No known maintenance or renovation that I was able to uncover.  Old Town Alexandria has yet to open up, but anything you'd like has come available in Nat'l Harbor (plenty of rooms, 2 bedrooms, balcony's, presidentials), any dates. 

Famine to feast.


----------



## CO skier (Sep 19, 2016)

jebloomquist said:


> No, they are not. Plus all of the quoting that Co skier has posted is irrelevant here.





I did not post to suggest an explanation for the mysterious missing inventory.

I posted section 11.08 only as an answer to the question, "Where does it say in writing that Wyndham can take 90% of the inventory within 60 days?"


----------



## OutSkiing (Sep 19, 2016)

We started looking for Carriage Ridge for summer of 2017 at the 10 month window (we were there last winter and want to go back). Owner Care said that affiliate location waits until January to dump most of their inventory in .. after maintenance fees are collected from any particular unit.  Not sure where the defaulting inventory goes in such a short 30/60/90 day window.

Bob


----------



## outofthewoodwork (Sep 20, 2016)

*Same thing in Destin*

I saw the same thing at the Majestic Sun in Destin.

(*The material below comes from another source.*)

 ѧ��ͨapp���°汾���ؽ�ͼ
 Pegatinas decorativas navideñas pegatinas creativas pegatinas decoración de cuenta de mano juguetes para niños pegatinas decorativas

http://www.tugbbs.com/forums/showthread.php?t=235436

During that time, I called reservations and they saw no availability and they knew of no issues with maintenance. I checked many times throughout the year and never saw any availability.


----------



## am1 (Sep 20, 2016)

OutSkiing said:


> We started looking for Carriage Ridge for summer of 2017 at the 10 month window (we were there last winter and want to go back). Owner Care said that affiliate location waits until January to dump most of their inventory in .. after maintenance fees are collected from any particular unit.  Not sure where the defaulting inventory goes in such a short 30/60/90 day window.
> 
> Bob



Your thinking and what Wyndham told you are both wrong for the shell resorts.


----------



## j.d. (Sep 21, 2016)

*Where did the Wyndham Grand Desert Inventory go?*

I contacted Wyndham and STILL nobody knows ......


----------



## Sandi Bo (Sep 22, 2016)

Yeah, they rarely know.  I think we know more from the threads on TUG more than you'll ever get out of Wyndham. 

Even when a resort is going through a known renovation (such as Bonnet Creek in the fall the last couple years (not this year)) a VC would have no information whatsoever.

You'll always get 'it's a really popular time' or 'the kids are out of school'. Blarney!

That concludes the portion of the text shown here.